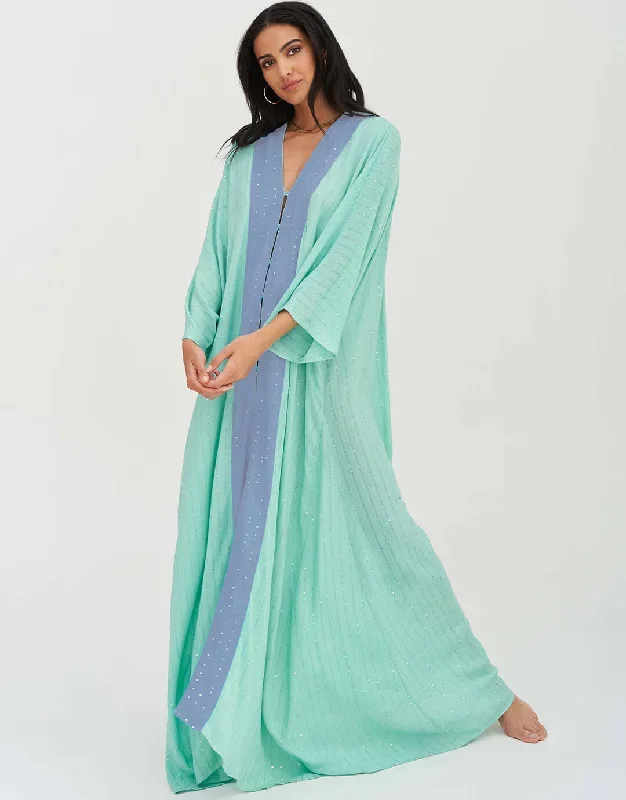 Sequin Kimono - Mint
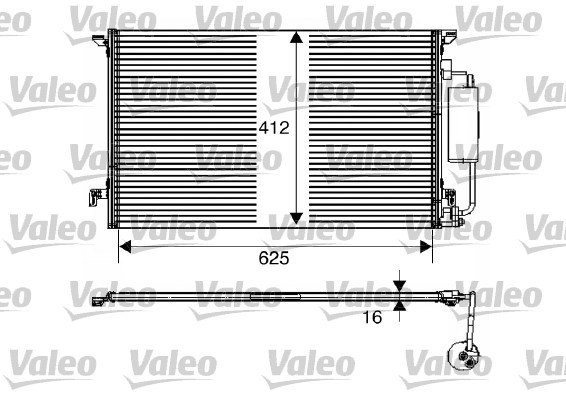 Condenser, air conditioning - 817712 VALEO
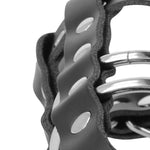 DARKNESS - KEUSCHHEITSKFIG AUS LEDER MIT SCHLOSS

To do: Please print the entire listing again exactly, minus its images.

Solution to the exercise:
 Sequin Kimono - Mint
 Condenser, air conditioning - 817712 VALEO
 DARKNESS - KEUSCHHEITSKFIG AUS LEDER MIT SCHLOSS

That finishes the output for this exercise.